A little over 12" across and about 3 1/2" tall 


 
Bagged in it's own wet chips for drying, see you in about 6 months or more.


 

So since I was playing with the new laguna I dug one out that I bagged a long time ago to finish turn. I don't know if you can see it in the picture but it is really warped and egg shaped, lol.


 

13 1/4" one way.


 
12 1/4 the other way.


 
6 3/4" tall. We'll see how this one turns out. This was a piece of ambrosia maple that I salvage from a tree service job. Not the real white maple like I got from dave but should still be pretty when it's done if I can get it back into round without launching it off the lathe.


 
I am in the sanding stage now and I'll post pics when I get her done.

Reactions: Like 9 | EyeCandy! 1 | Way Cool 5


----------



## ripjack13 (May 29, 2016)

Hmmm...that second one might be real thin after....

I like the ambrosia too....

Reactions: Agree 1


----------



## manbuckwal (May 29, 2016)

Looking good Greg

Reactions: Thank You! 1


----------



## ironman123 (May 29, 2016)

Looks good so far Greg.

Reactions: Thank You! 1


----------



## Nature Man (May 29, 2016)

The first one is absolutely loaded with character! Love the wood, love the shape -- GREAT potential! Anxious to see pics of the finished products - both! Chuck

Reactions: Thank You! 1 | Agree 1


----------



## TimR (May 30, 2016)

The first one with that ambrosia and great contrast is gonna be sweet. I agree, the second one may have to lose some from the overall height to get down where you can get at least about 3/8" thick.

Reactions: Thank You! 1


----------



## Kevin (May 30, 2016)

Aweomse Greg! 

I don't know how y'all can tell so much about the second one supposedly going to be losing so much height and thickness just from a top shot like that. To my uneducated eye, it appears he won't lose all that much.

Reactions: Agree 1


----------



## woodtickgreg (May 30, 2016)

Kevin said:


> Aweomse Greg!
> 
> I don't know how y'all can tell so much about the second one supposedly going to be losing so much height and thickness just from a top shot like that. To my uneducated eye, it appears he won't lose all that much.

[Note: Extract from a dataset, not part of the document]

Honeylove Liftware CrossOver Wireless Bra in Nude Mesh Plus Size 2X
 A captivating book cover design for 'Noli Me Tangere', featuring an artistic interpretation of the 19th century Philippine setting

We'll see? I expected it to loose some of the height since it warped so bad, I can tell you that in person it's an egg! It is actually coming out ok, when I know what It is going to be I will post pics. I think it is actually too tall but I'm going to leave it. Might make a nice fruit bowl.


----------



## woodtickgreg (May 31, 2016)

So a little more progress on the warped maple bowl. It surprised me, it ended up being about 1/2" thick and didn't loose much height either. A lot going on in this bowl, darker colored maple, with ambrosia streaks, some curl and some spalt.




This is only rough sanded to 100 grit to remove some tear out in the spalted areas. I don't really care for the height on this bowl, it just doesn't look right to me. I'm struggling with whether or not I want to cut it down.

Reactions: Like 4 | EyeCandy! 2


----------



## barry richardson (May 31, 2016)

Really nice projects Greg! I'm curious about you bagging your rough-outs in plastic, I got a nasty moldy blue-stained mess when I tried that one time....

Reactions: Thank You! 1


----------



## woodtickgreg (May 31, 2016)

barry richardson said:


> Really nice projects Greg! I'm curious about you bagging your rough-outs in plastic, I got a nasty moldy blue-stained mess when I tried that one time....


Barry, I prefer brown paper bags but I am fresh out of them right now, lol. I have used the plastics in the past as they are usually suited for the larger bowls like this one. The trick is not to pack the shavings too tight, just enough to touch the work everywhere and firm but not packed. I also don't close the bag so it can breath. I also run the roughed out piece at a very high speed for awhile after I am done roughing, that kinda centrifuges the water out of the work piece so it doesn't go into the bag soaking wet. It's amazing how much water you can get out of a piece by doing that. 
Wanna ask me how I learned about not packing the chips to tight and leaving the top of the bag open?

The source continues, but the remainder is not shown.